The automaker has announced “1.99% APR or $0 Due at Signing available for well-qualified buyers” on the new Model Y in the US for the first time:
This amounts to a direct discount worth a few thousand dollars. It is the first widely available discount on the new Model Y coming just weeks after the cheaper non-Launch Edition launched in the US.
These discounts and subsidized financing point to soft demand for the updated best-selling vehicle in the US. Tesla just delivered a disastrous first quarter, which it mostly blamed on the Model Y changeover, resulting in lower inventory.
However, industry watchers, including Electrek, noted many signs that the Model Y changeover was not the only issue. Tesla added significantly to its inventory in the first quarter, and the wait times for the new Model Y were extremely short.

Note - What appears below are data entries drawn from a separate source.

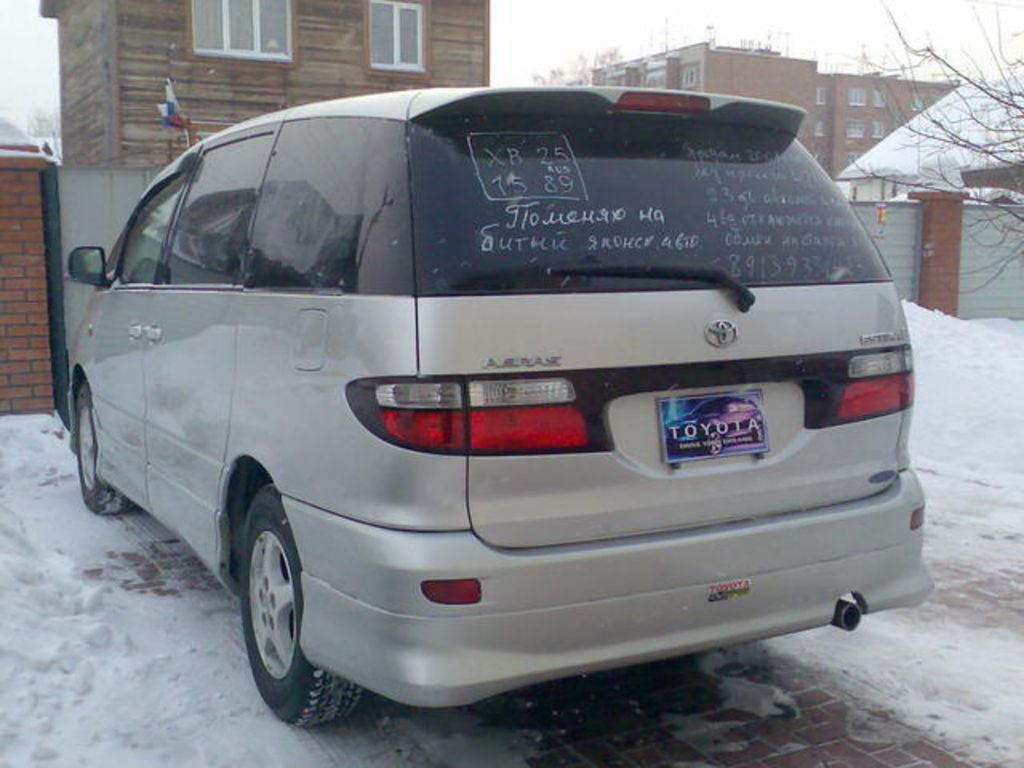 2000 Toyota Estima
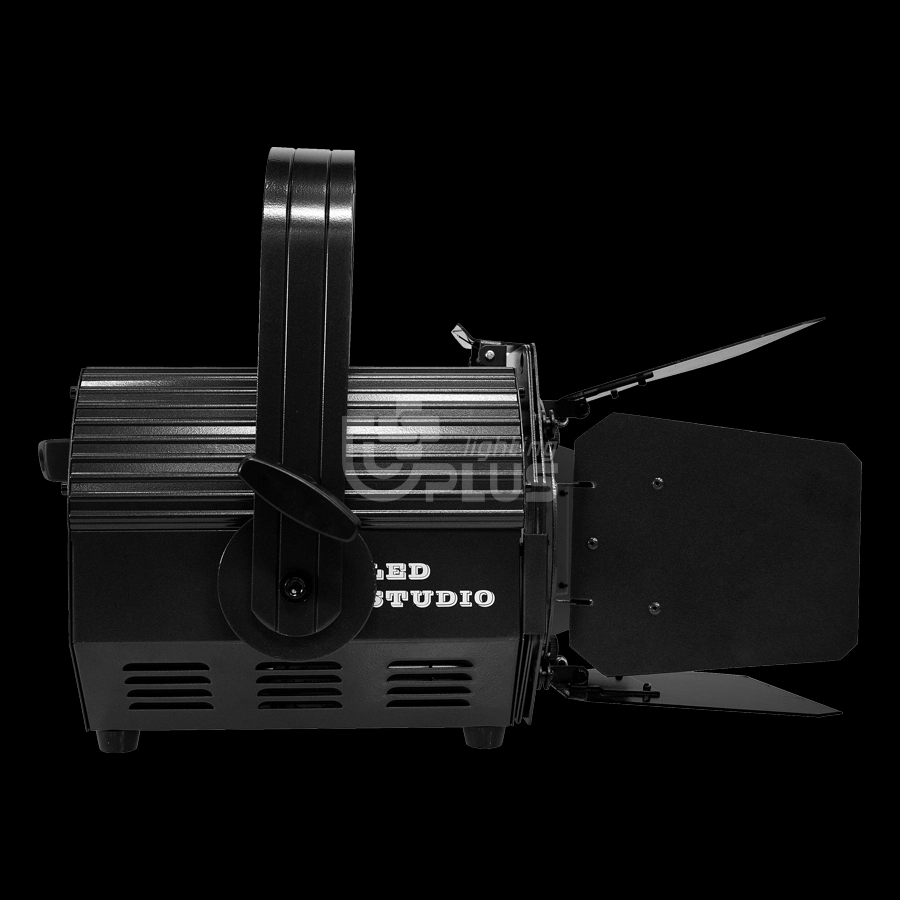 FIX-SPOT 200 主图3 - Uplus Lighting Side view of a black LED studio Fresnel light with barn doors. - Uplus Lighting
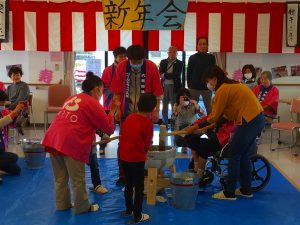 新年餅つき大会…大東グループホーム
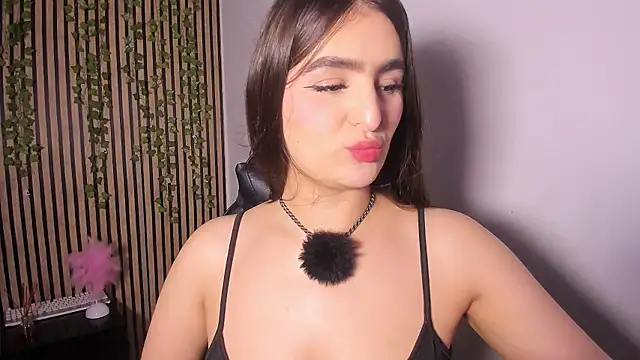 sofia 44 online show from June 24, 4:17 pm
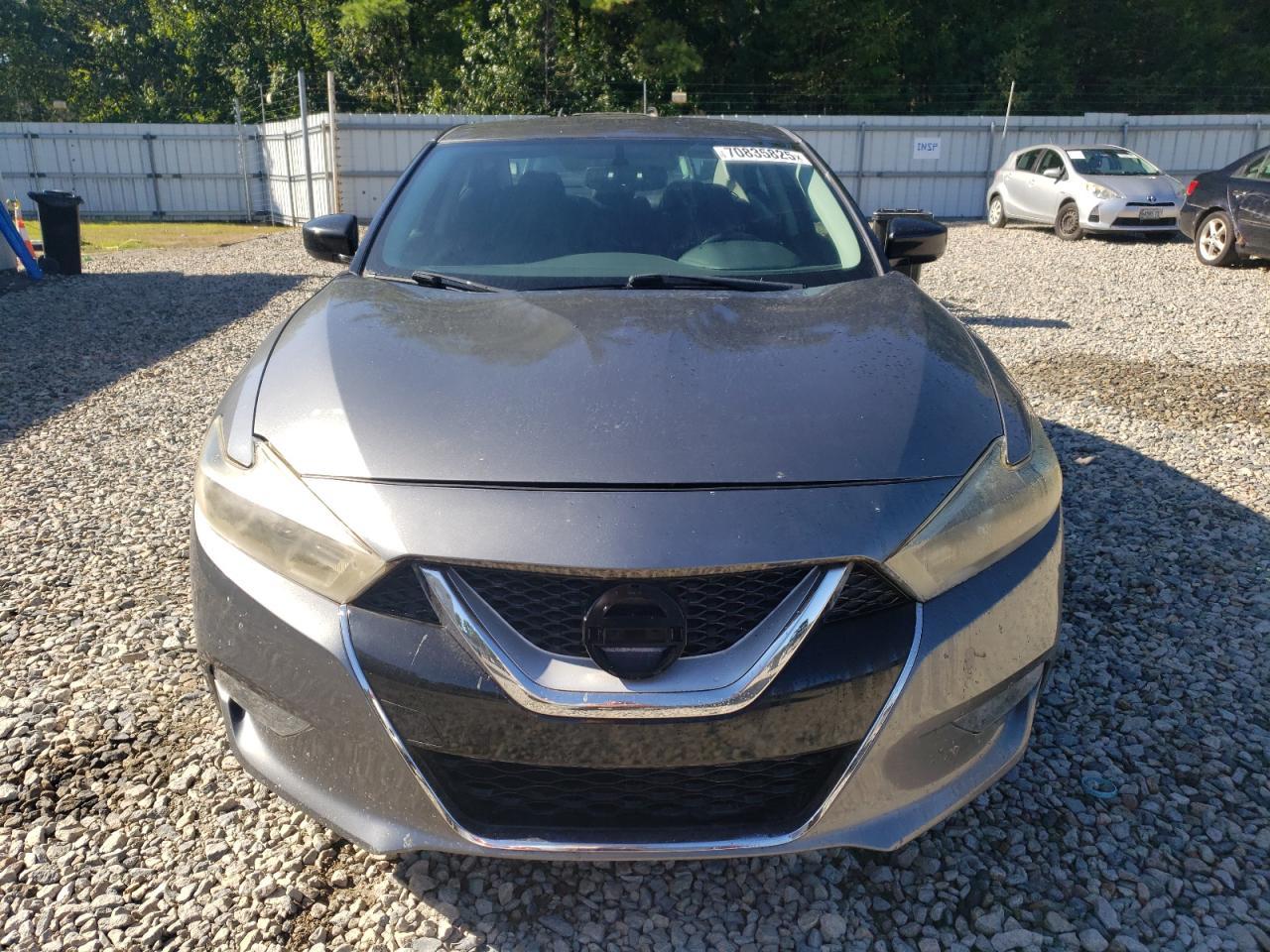2016 NISSAN Maxima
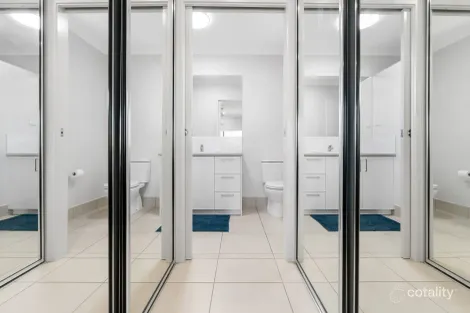Property photo of 10 Yumbabulla Green Smithfield QLD 4878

Now, the discount weeks after launching the new Model Y confirm the soft demand in the US.
I think it’s clear by now: the new Model Y is not coming to save Tesla.
Let’s be honest: It will still be a significant vehicle program by volume. It just won’t help Tesla return to growth this year.
The RWD Model Y is still coming and has a chance to help in the US. It is already available in China, and it’s not helping Tesla much there, but that’s in a hyper-competitive market, especially at lower prices where the RWD Model Y operates.
Tesla’s performance in Q2 in China will be interesting since it is basically back to its regular lineup for the whole quarter.
The US appears to have been Tesla’s least affected market, but Q3 will be the real test with the full lineup and no backlog of demand for new Model Y.